Week 4 Assignment Encoder Wrong Values

Hi,
I have been having issues with the Encoder Layer. I can’t get the correct values in this layer. I have consulted the existing threads on here but they don’t seem to help.

Some observations:
-mask is not used - not sure where to put it`

-I am confused by the instruction on the two sum layers. They seem to be in contradiction to what has been said in the video. For example - “# apply layer normalization on sum of the input and the attention output to get the output of the multi-head attention layer (~1 line)” - but in the video we see that layer norm is only applied to the mha layer, then added by a skip connection.

This means that there are two possible ways to do this, either self.layernorm1(mha_output + x) or self.layernorm1(mha_output)+ x. Neither works.

This also means that I don’t know what to put in the second addition layer.
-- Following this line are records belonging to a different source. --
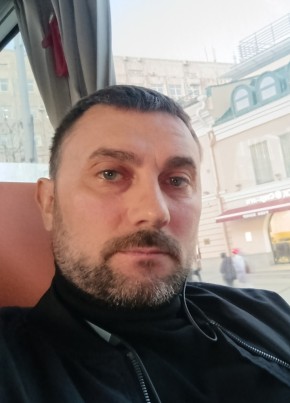 Валентин из Москвы 43 года
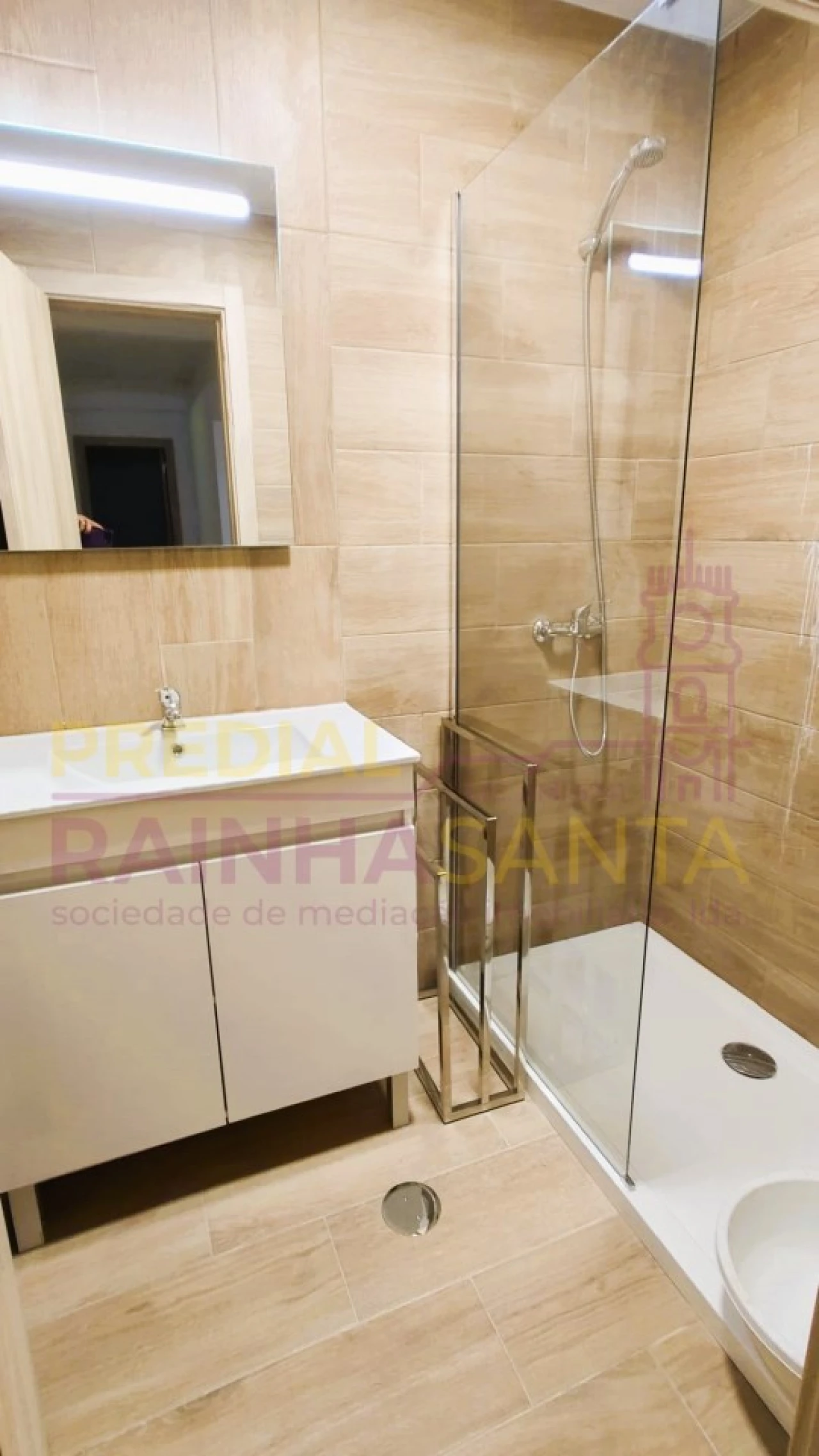 Quarto para Arrendamento em Santo Antonio dos Olivais Foto 11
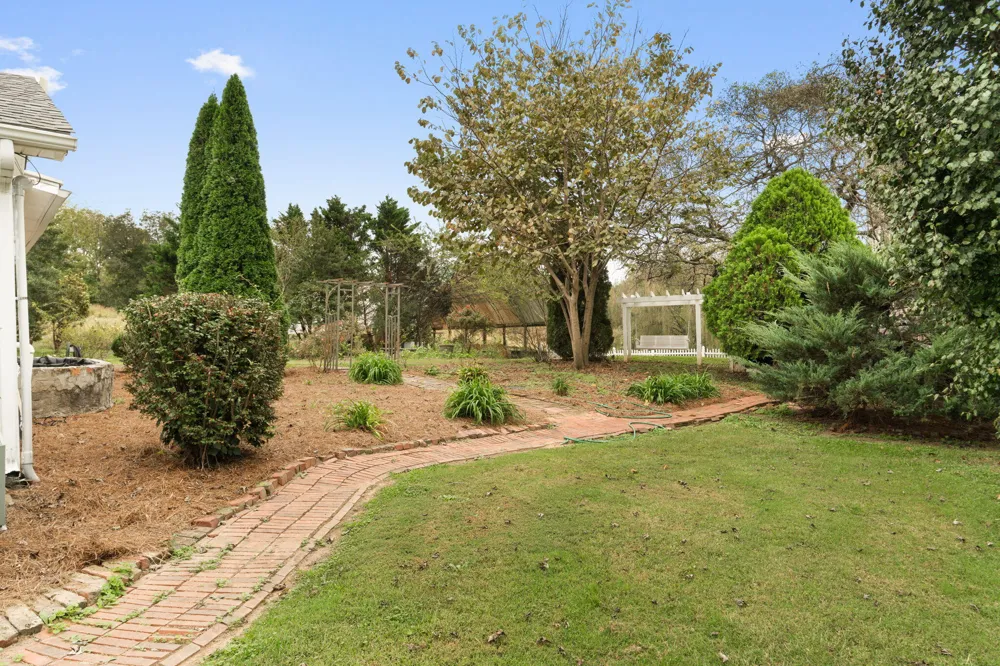 852 County Road 422 Englewood, TN 37329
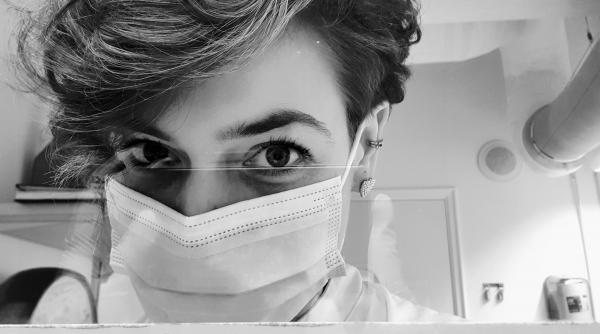 1729653130 59 Povestea tinerei care a studiat peste 4400 de organe Totul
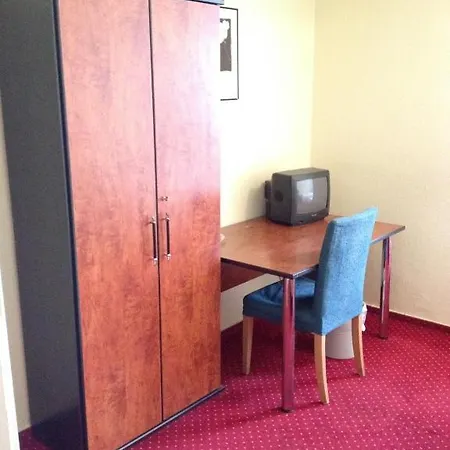 Domo Mondial Hotel 2*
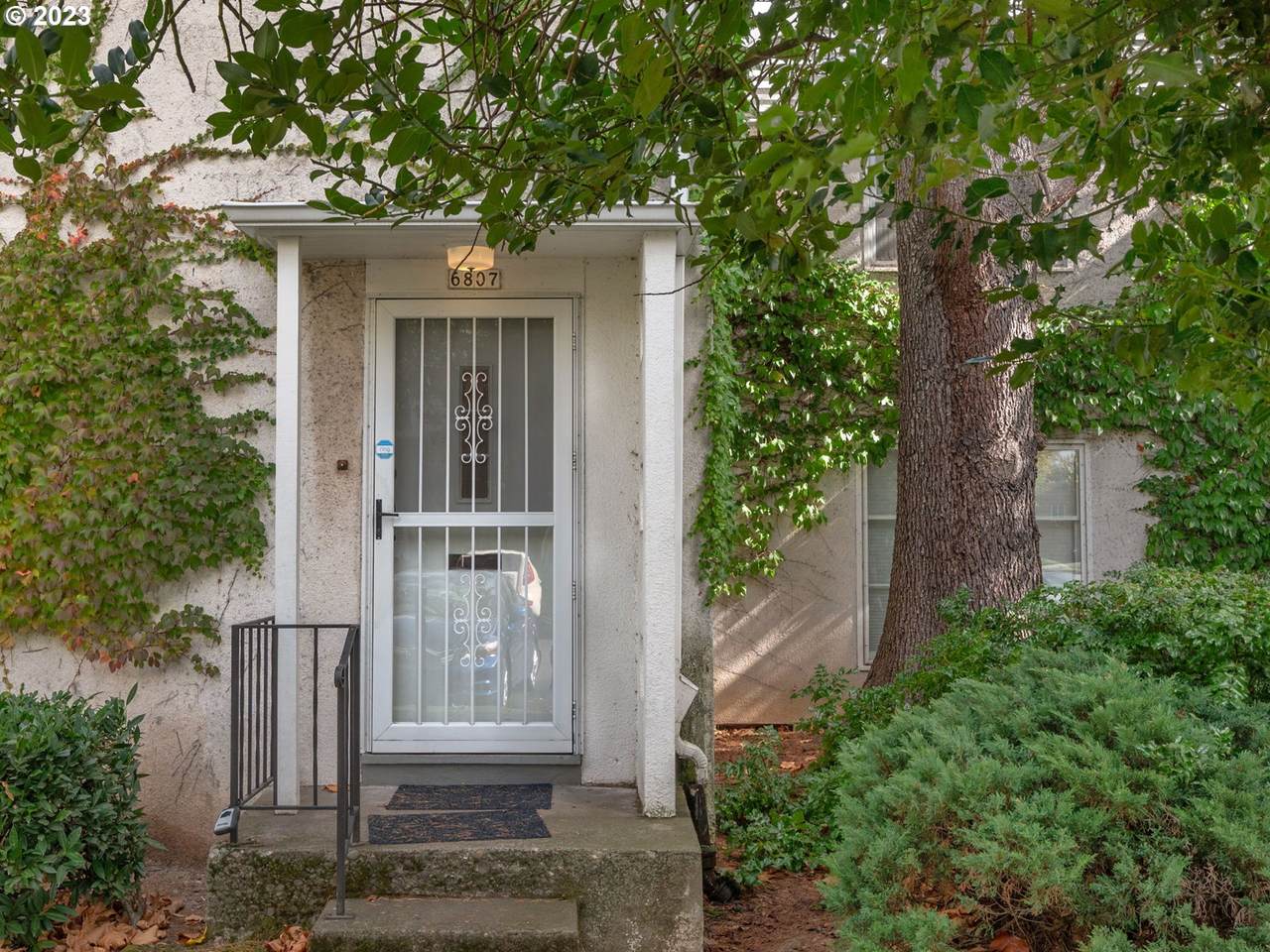 6807 Broadway - Photo 1
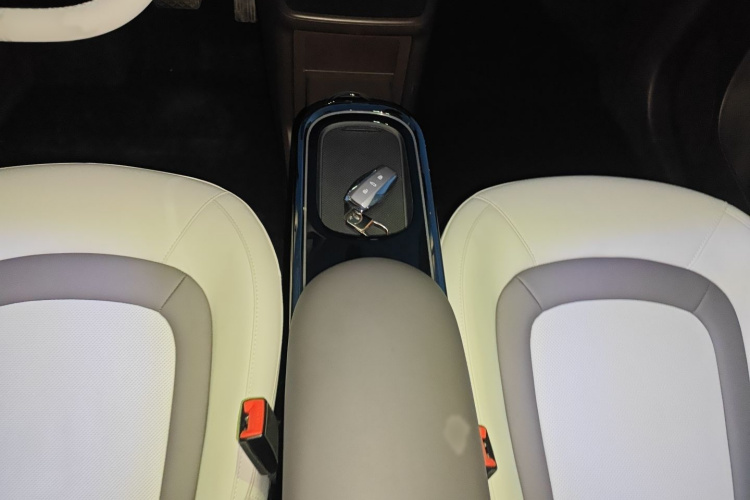 江淮钇为 钇为3 2024款 挚爱版 405km Lite局部细节18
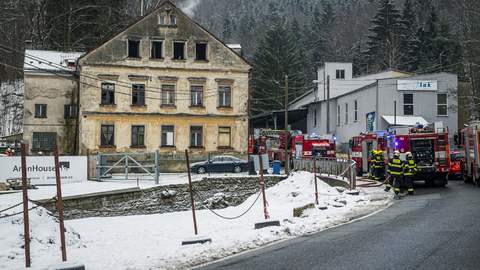 Hasiči zasahují 27. ledna 2022 u požáru po výbuchu v bytovém domě v Kateřinské ulici na okraji Liberce.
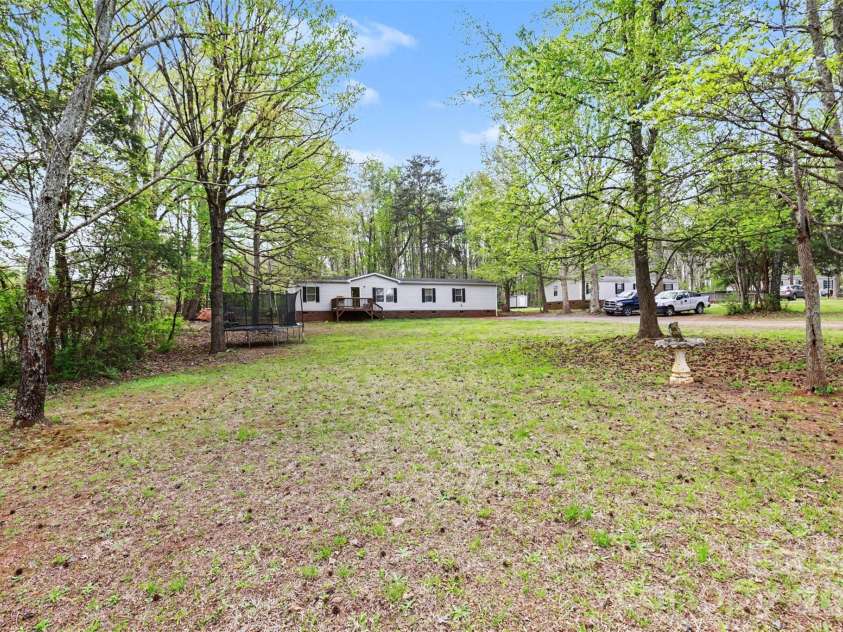 5139 Pine Springs Drive, Bessemer City, NC 28016.  MLS# CAR4360416, YatesRealty ID 12784.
Likewise, tried both self.layernorm2(ffn_output +mha_output_after_activation)and self.layernorm2(ffn_output)+mha_output_after_activation, neither works.

  • The training boolean - i used it in if statements:
if training:
       run a layer

.

Not sure if this is the right way to go about it.

While I have enjoyed the course so far, I must echo the others by saying that the hints for this assignment are the least helpful so far. I think they can be clearer- such as what should be added in the addition layers.

Thank you!

OK, fixed it. It turns out you do need the mask in the mha layer. I also had to add the sum of the skip connection and the new layer and then run the layer norm on it.

Hey, could you pls help, since I do not know if sth like this is a correct syntax: out1=self.layernorm1(self_attn_output+x). Everything seams ok, but i am still getting the error wrong values on both the EncoderLayer and the Encoder?
Regrards,

For the grader, you need to put x first and then the attn_output , do give it a try !